Parked one million miles away from Earth, a NASA space camera has been taking photographs of our blue planet for the last twelve months.
Now given that humans first sent a satellite to space half a century ago, in 1957 when the Soviet Sputnik first orbited the earth, you would have thought we’d know what to expect from the images.
But turns out, NASA’s EPIC View has spotted something a little out of the ordinary.
The homeward-facing instrument, attached to NOAA’s Deep Space Climate Observatory, has spotted hundreds of flashes of light radiating from hundreds of different locations on our planet.
Alexander Marshak, DSCOVR deputy project scientist, first noticed these flashes occasionally appearing over oceans as he looked through the reel.
He said: “Large expanses of blue ocean and apparent coastlines are present, and close examination of the images shows a region of [mirror-like] reflection in ocean but not on land.”
And he proposed a simple explanation that this could just be sunlight reflecting off the water, back on to the sensor. That was until, they noticed them also appearing over land.
“When I first saw it I thought maybe there was some water there, or a lake the sun reflects off of. But the glint is pretty big, so it wasn’t that,” said Marshak.
The scientists reasoned that if these 866 flashes were caused by reflected sunlight, they would be limited to certain spots on the globe – spots where the angle between the sun and Earth is the same as the angle between the spacecraft and Earth, allowing for the spacecraft to pick up the reflected light.

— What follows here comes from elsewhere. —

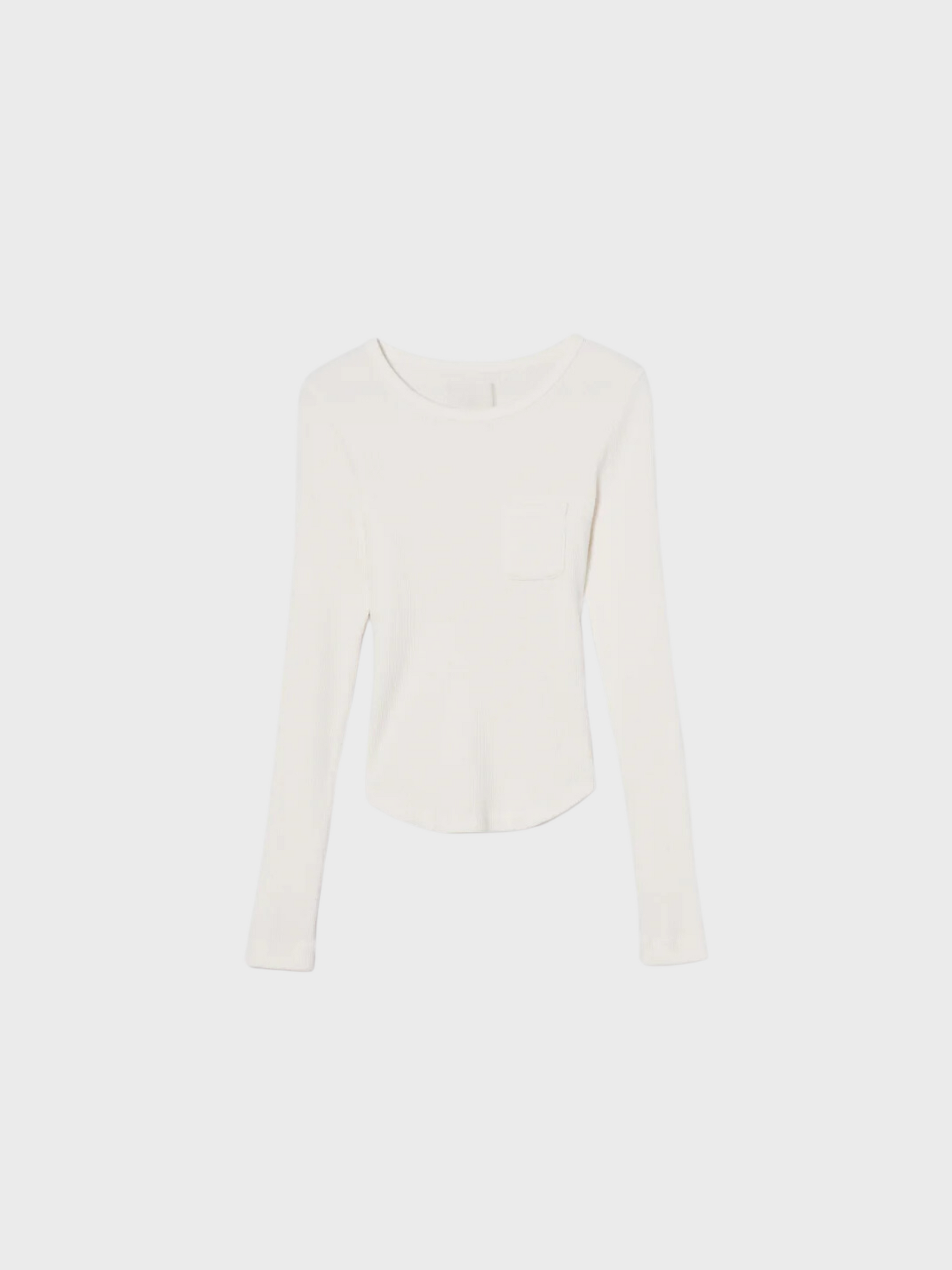 COH Anja Long Sleeve Top Pashmina-T-Shirts-West of Woodward Boutique-Vancouver-Canada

When they plotted the locations of the glints with where those angles would match, given Earth’s tilt and the spacecraft’s location, the two matched.
The team instead now believes that ice particles suspended high up in the earth’s atmosphere are to blame.
“The source of the flashes is definitely not on the ground. It’s definitely ice, and most likely solar reflection off of horizontally oriented particles,” Marshak said.
The ability to detect glints, such as these, from further away, could be used by other spacecraft to study exoplanets.